Task objective
Would you please copy only the lines from the line that contains "Big abstract minimalist" to the end of the data below, exactly, leaving every picture out?

(Information supplied begins)

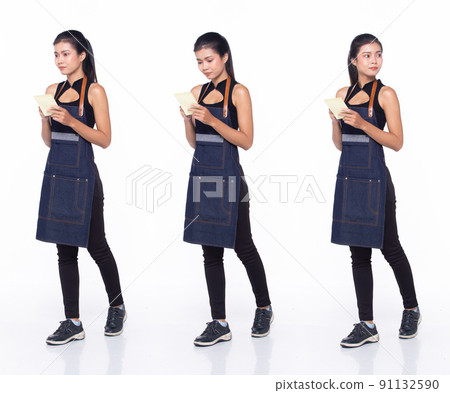 Full length 30s Asian Woman barista waitress menu, walking forward left right 91132590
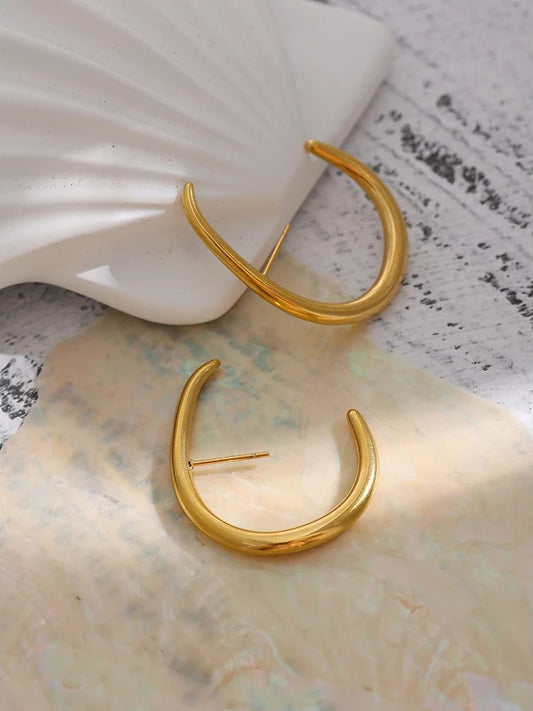 Big abstract minimalist statement stud earrings - product image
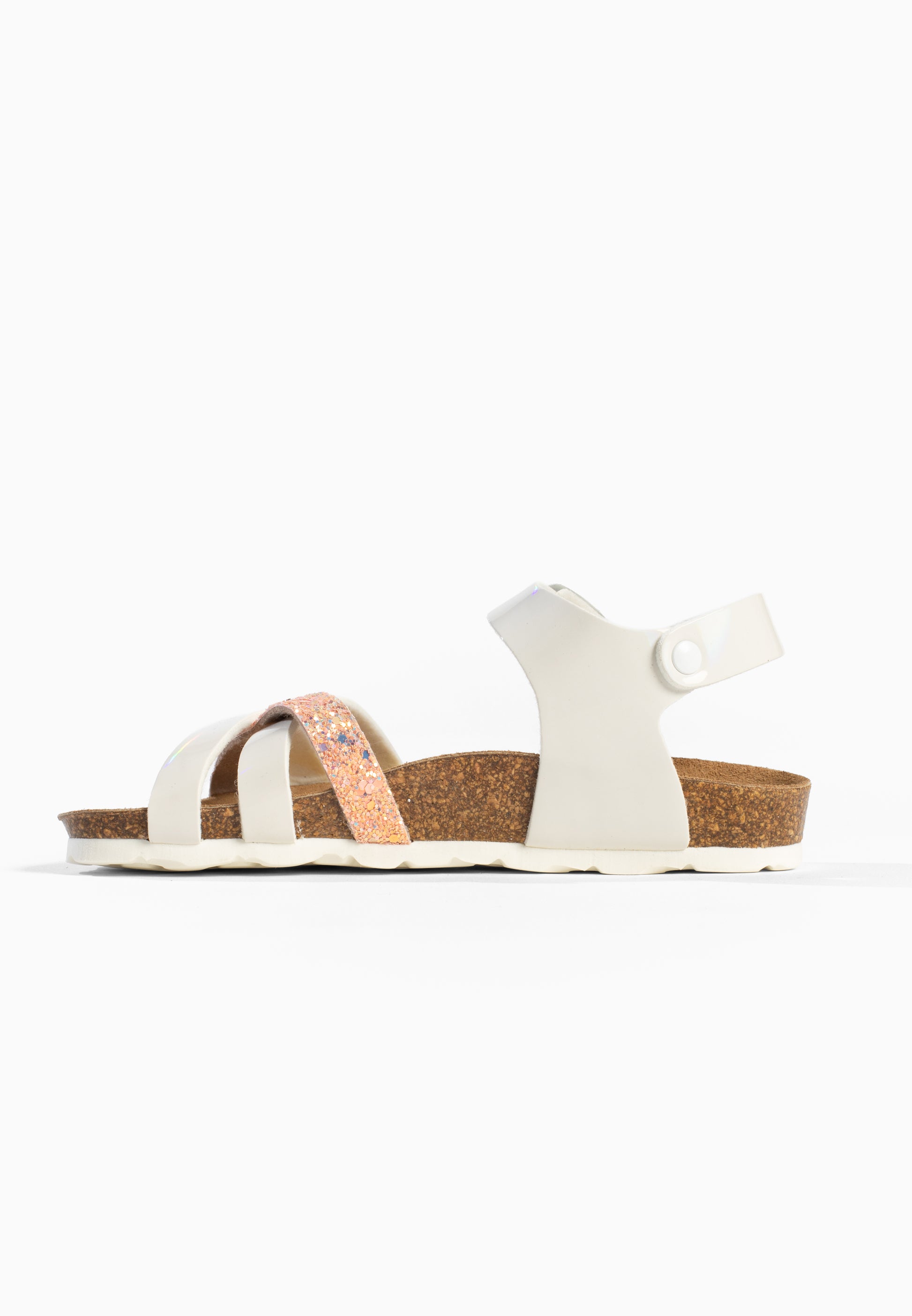 Sandales Multi-Brides Viala Blanc et Rose pailleté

(Information supplied ends)

Answer below
 Big abstract minimalist statement stud earrings - product image
 Sandales Multi-Brides Viala Blanc et Rose pailleté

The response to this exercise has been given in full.